# SOURCE DATA
┌────────
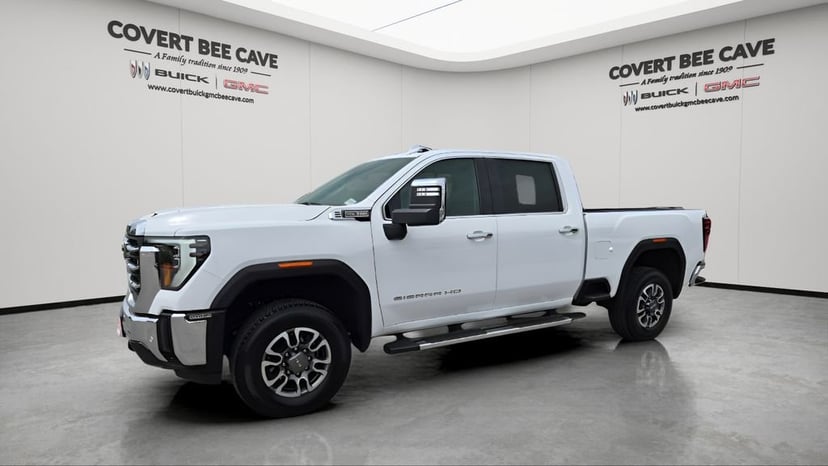 2024 GMC Sierra 2500HD - Image 4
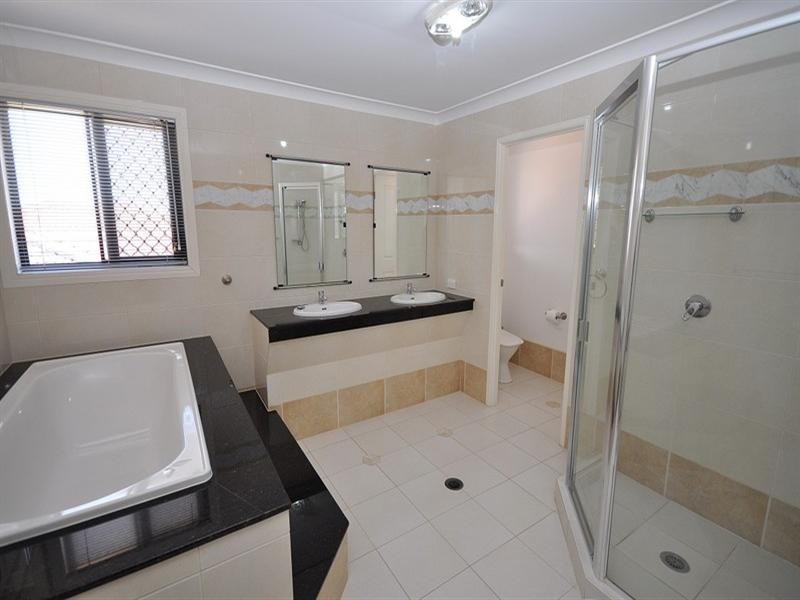 14 Leeds Close, Arundel QLD 4214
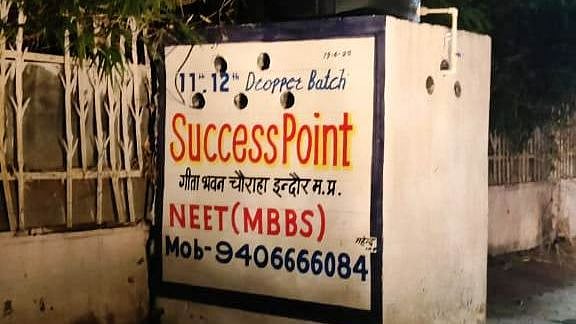 Indore: Coaching centre fined for writing ad on public toilet - Vimarsana News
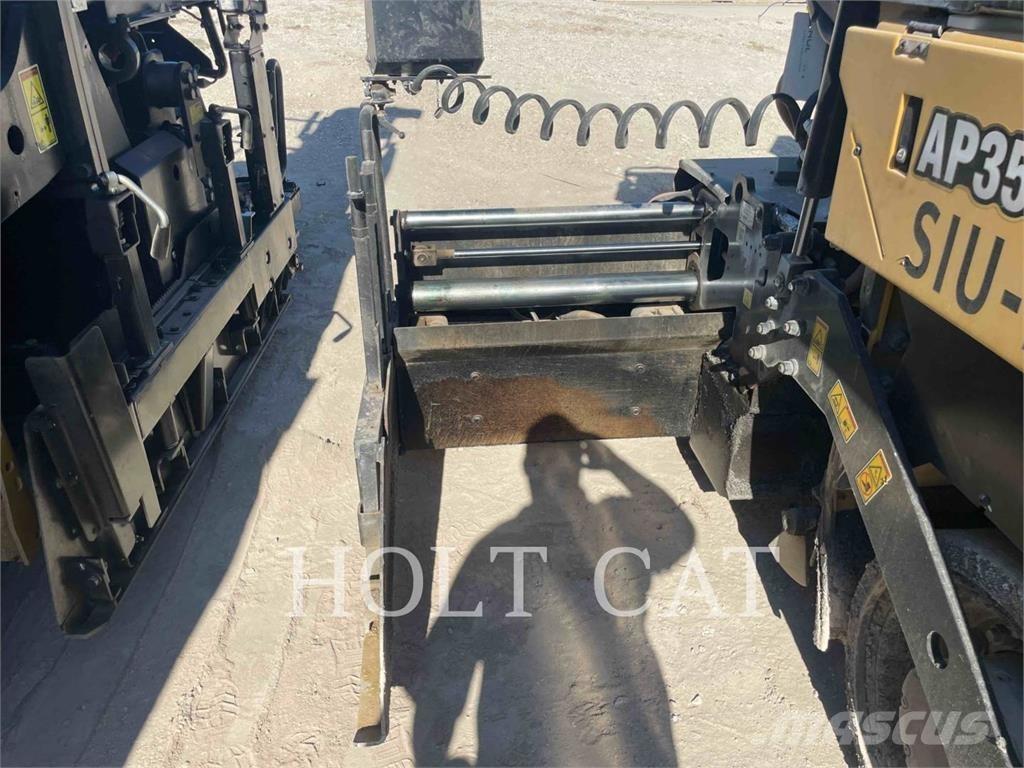 CAT AP355F Asfaltafwerkmachines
└────────
# AIM OF THE EXERCISE
Set down again, exactly, the lines from the one with "Indore: Coaching centre" to the last line of the data, both included and pictures excluded.

# TASK SOLUTION
 Indore: Coaching centre fined for writing ad on public toilet - Vimarsana News
 CAT AP355F Asfaltafwerkmachines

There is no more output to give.